Short descriptive text snippets
%%
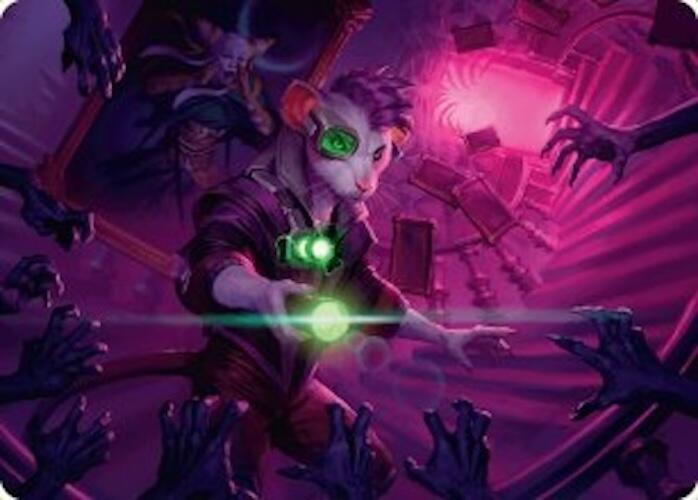 Nashi, Searcher in the Dark Art Card (21/54) [Duskmourn: House of Horror Art Series] | Good Games Morley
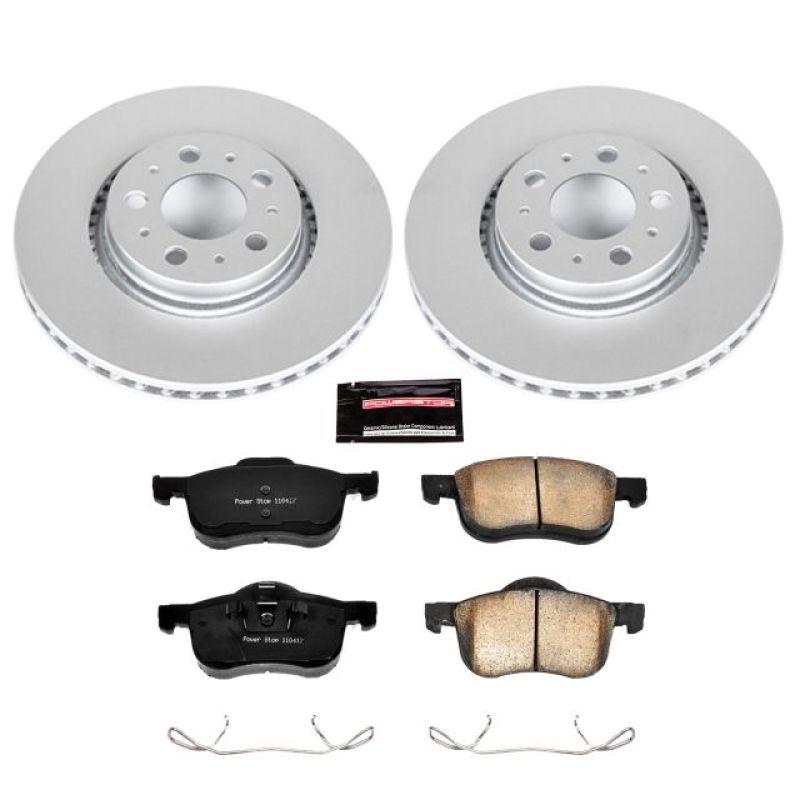 PSB Z23 Evolution Coated Kit - Power Stop 01-09 Volvo S60 Front Z23 Evolution Sport Coated Brake Kit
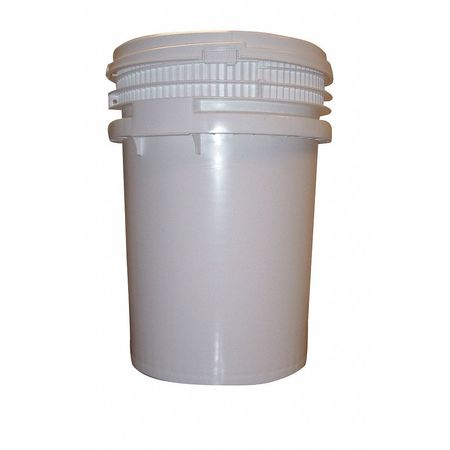 Pail,screw Top,round,10 Gal,hdpe,white (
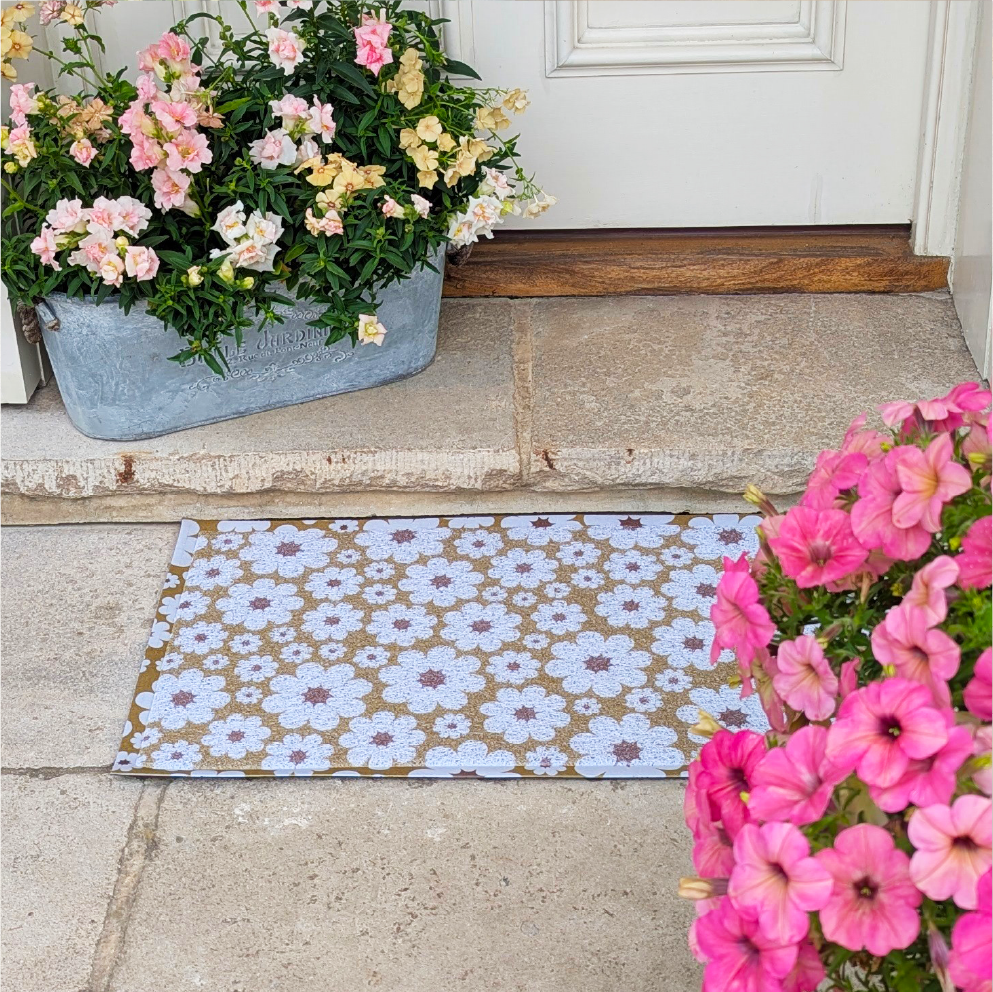 Mustard Flower Doormat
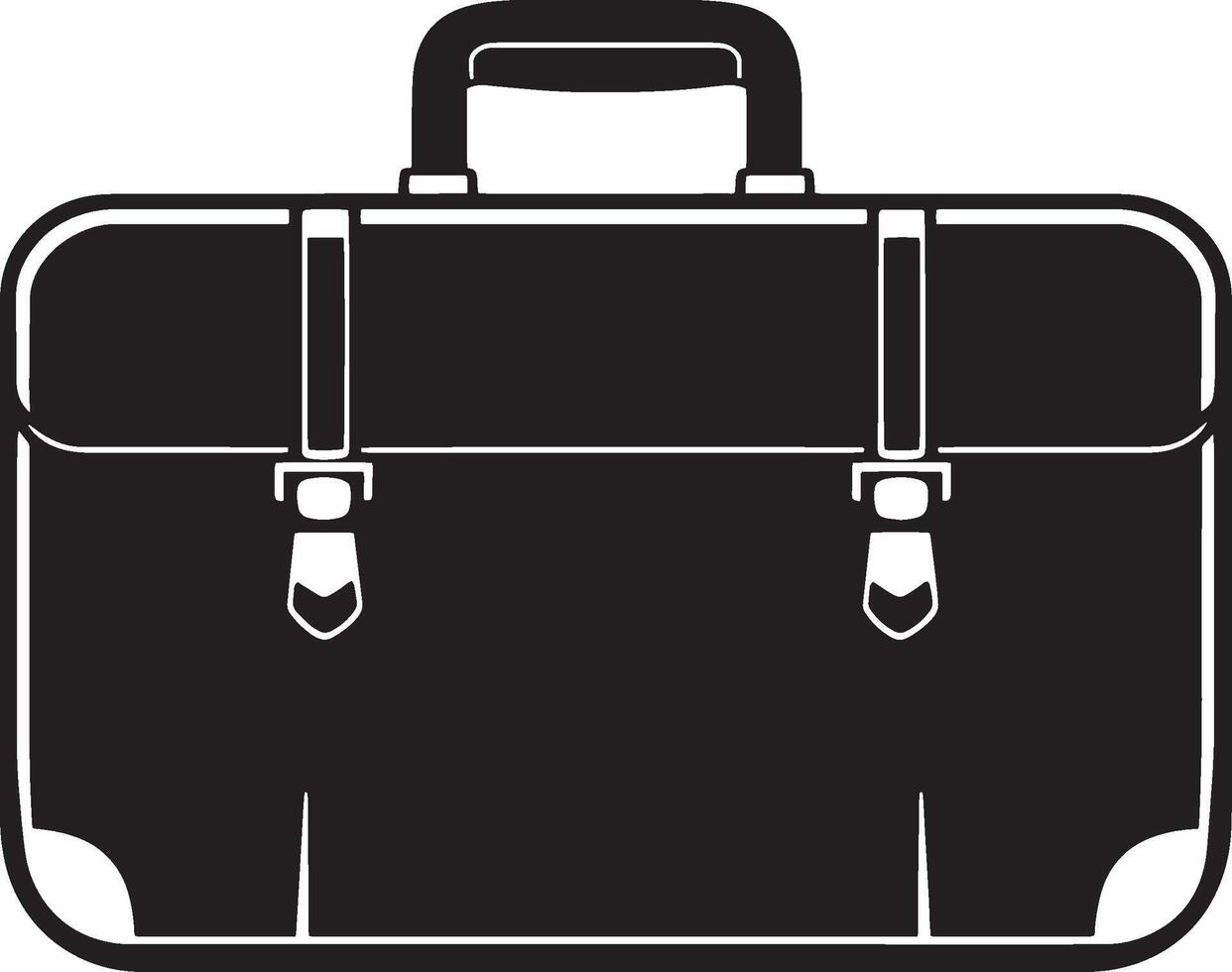 Honeymoon Suitcase icon black illustration vector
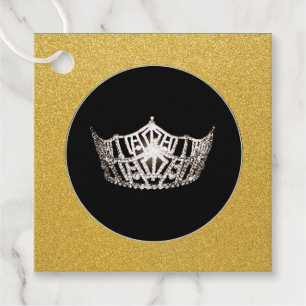 Gift-FavorTag -Miss America Style Crown Favour Tags
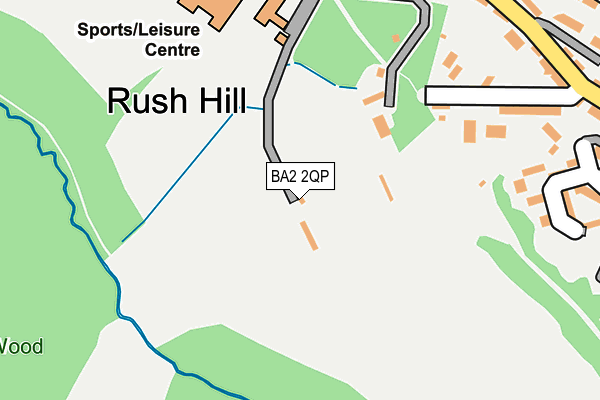 BA2 2QP map - OS OpenMap – Local (Ordnance Survey)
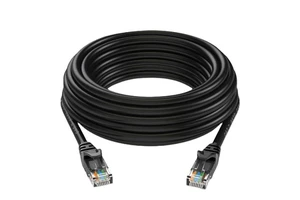 CAT6A RJ45 Ethernet Cable PVC Jacket 24AWG Patch Cord LAN UTP Bare Copper Communication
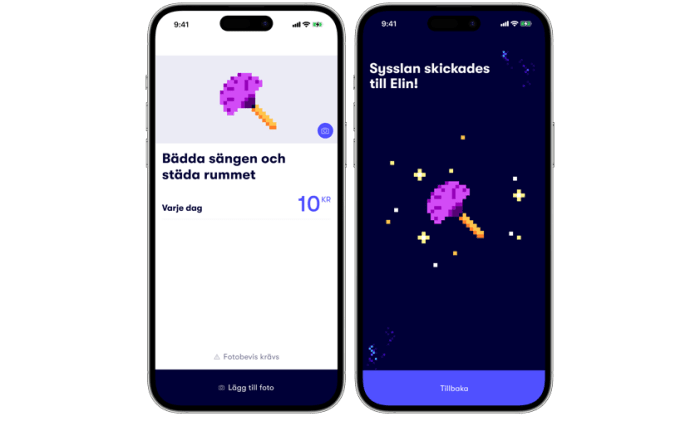 Tilldela syssla i Gimi-appen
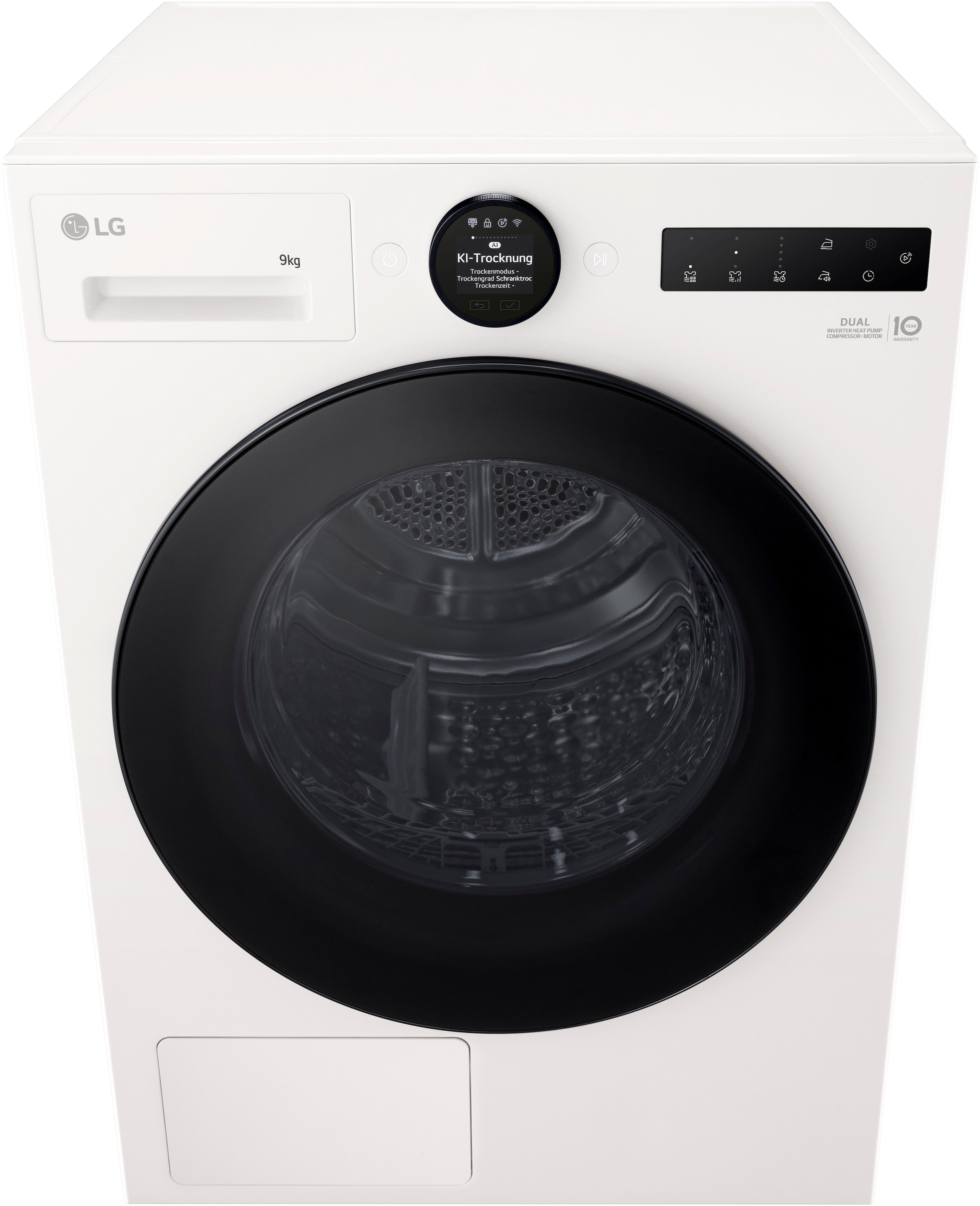 LG Wärmepumpentrockner »RT90X8C«, 9 kg, Allergy Care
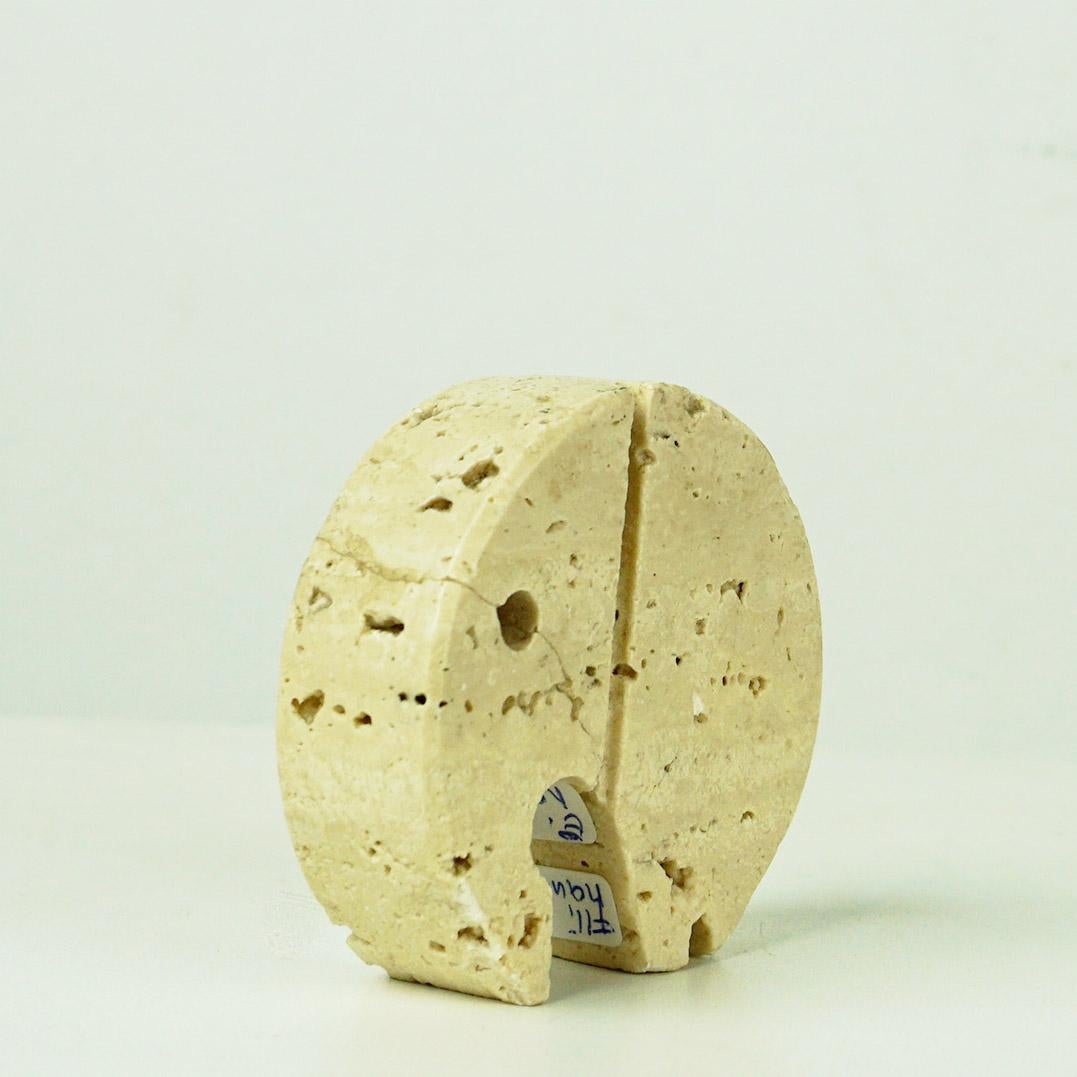 Set of Italian Travertine Animal Sculptures by Enzo Mari for Fratelli Manelli 13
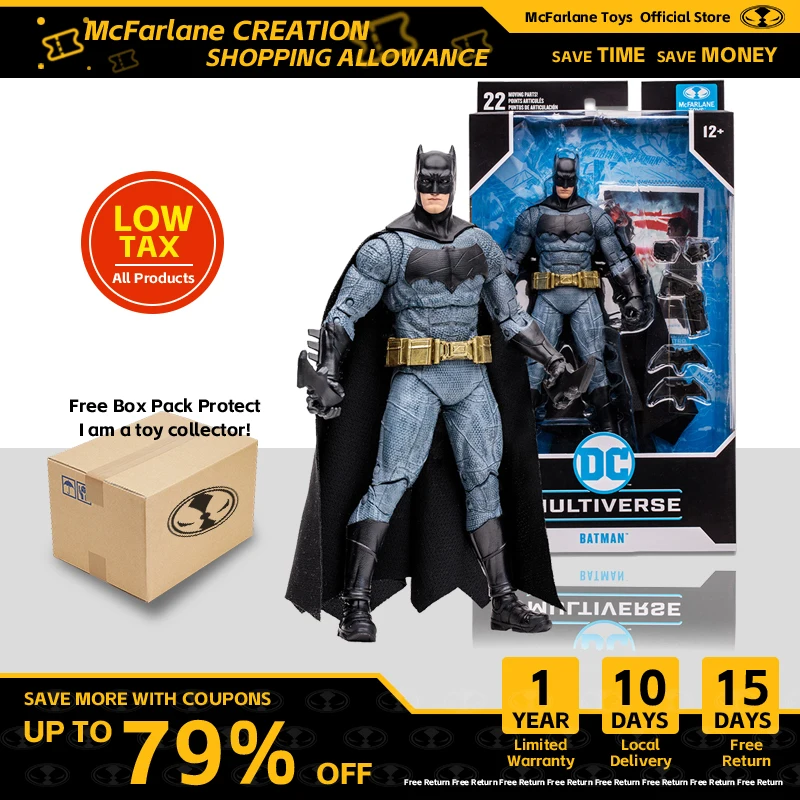 Mcfarlane Toys Batman (Batman V Superman: Dawn Of Justice) 18Cm Action Figure Doll Gift Toys Model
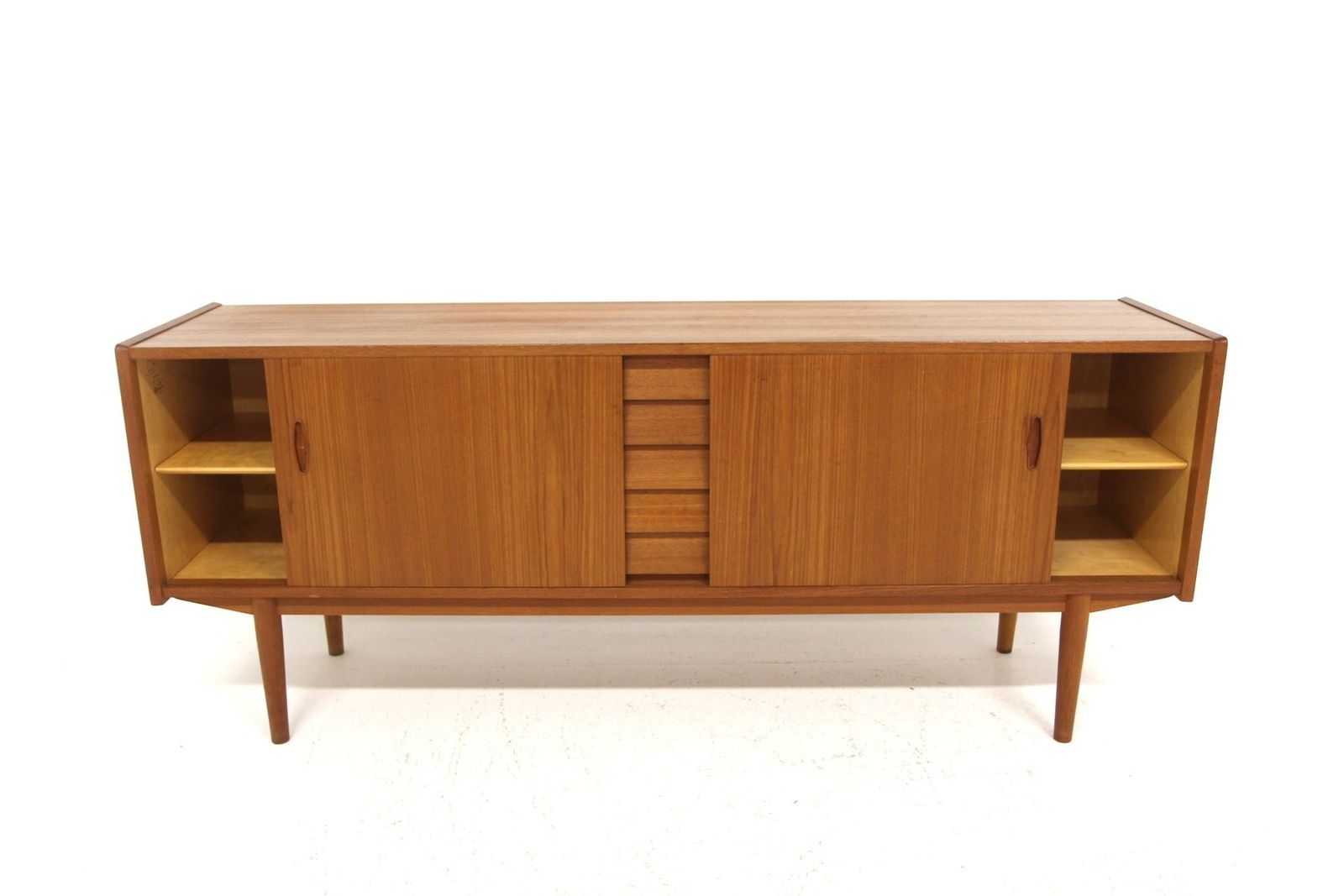 Enfilade scandinave en teck par Nils Jonsson pour Troeds, Suède, 1960 photo for sale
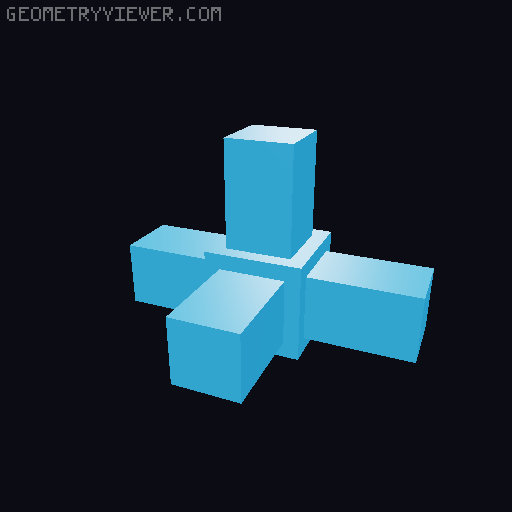 square tube adapter 3D model thumbnail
%%
Work instruction
Only the lines from the line that contains "Set of Italian" through the end of the entries are to be written out, exactly and without pictures, both ends included.

Response
 Set of Italian Travertine Animal Sculptures by Enzo Mari for Fratelli Manelli 13
 Mcfarlane Toys Batman (Batman V Superman: Dawn Of Justice) 18Cm Action Figure Doll Gift Toys Model
 Enfilade scandinave en teck par Nils Jonsson pour Troeds, Suède, 1960 photo for sale
 square tube adapter 3D model thumbnail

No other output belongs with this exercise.